__MATERIAL FOR THE TASK__:
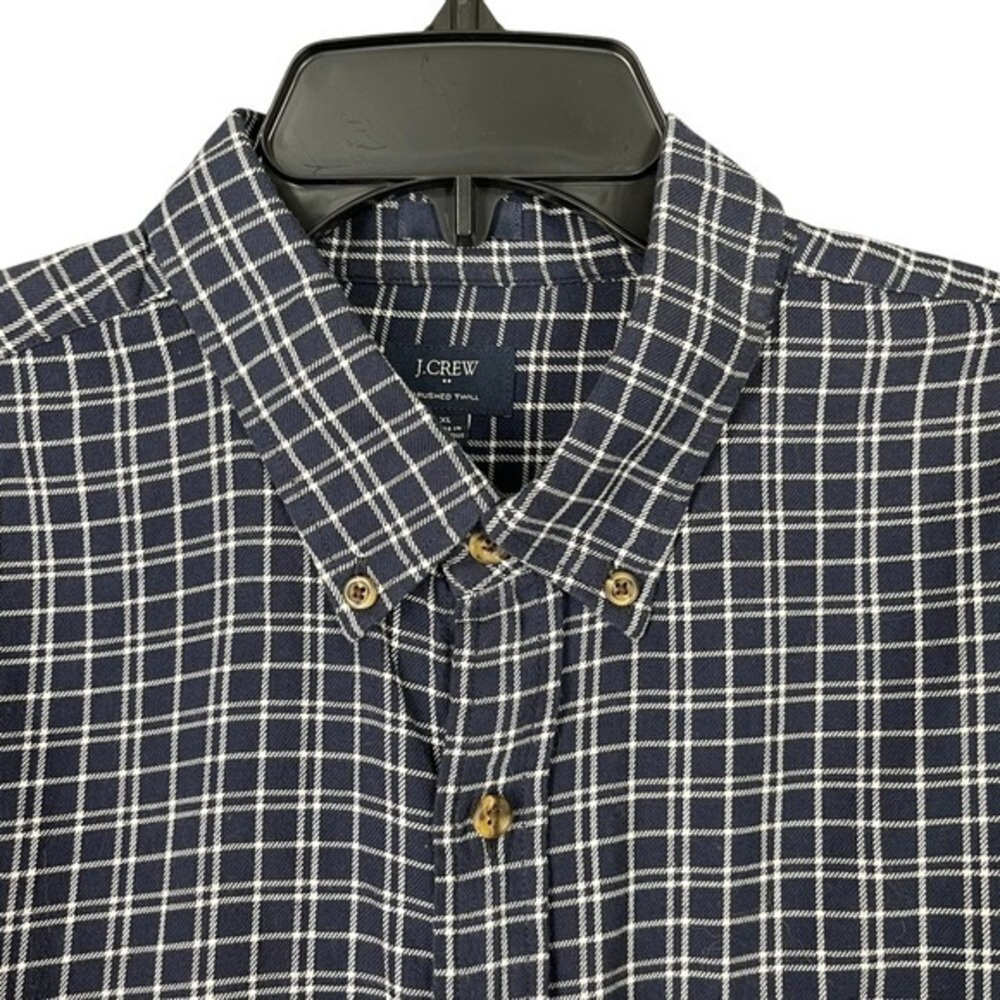 J.Crew Shirt Mens M Plaid Oxford Button Front Fall Classic Workwear Heritage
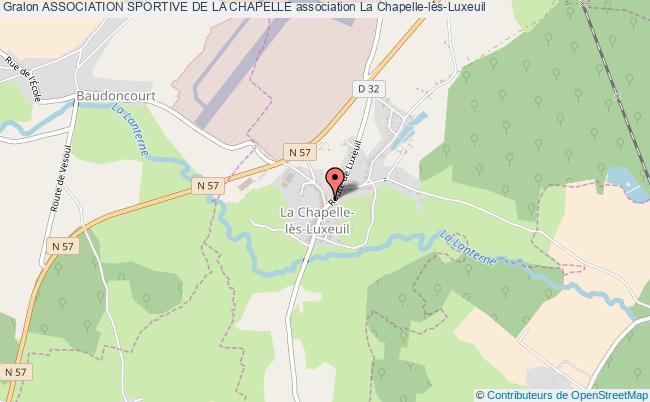 plan association Association Sportive De La Chapelle La    Chapelle-lès-Luxeuil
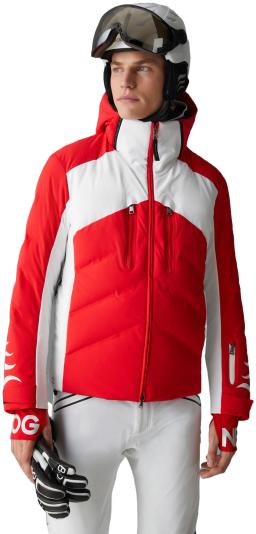 Mens Jessy Down Ski Jacket Red/White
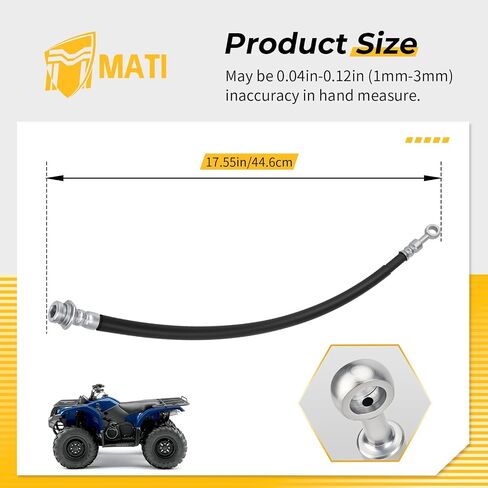 M MATI Front Brake Hose Line Pipe Kit for Yamaha Grizzly 450 YFM450 4x4 2011-2014 5ND-F5872-10-00 1CT-F5873-10-00 1CT-F5871-00-00 in Saudi Arabia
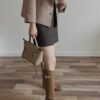 韓國女鞋 秋冬款鎖扣長筒靴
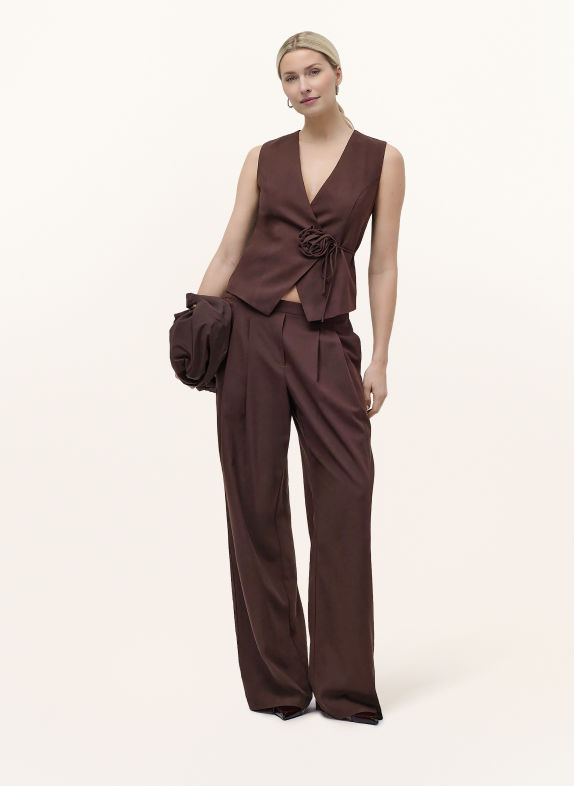 LeGer Studio Marlenehose JEMIE mit Leinen BRAUN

__EXERCISE INSTRUCTIONS__: The output must match the records word for word, except that no pictures appear.

__EXERCISE ANSWER__:
 J.Crew Shirt Mens M Plaid Oxford Button Front Fall Classic Workwear Heritage
 plan association Association Sportive De La Chapelle La    Chapelle-lès-Luxeuil
 Mens Jessy Down Ski Jacket Red/White
 M MATI Front Brake Hose Line Pipe Kit for Yamaha Grizzly 450 YFM450 4x4 2011-2014 5ND-F5872-10-00 1CT-F5873-10-00 1CT-F5871-00-00 in Saudi Arabia
 韓國女鞋 秋冬款鎖扣長筒靴
 LeGer Studio Marlenehose JEMIE mit Leinen BRAUN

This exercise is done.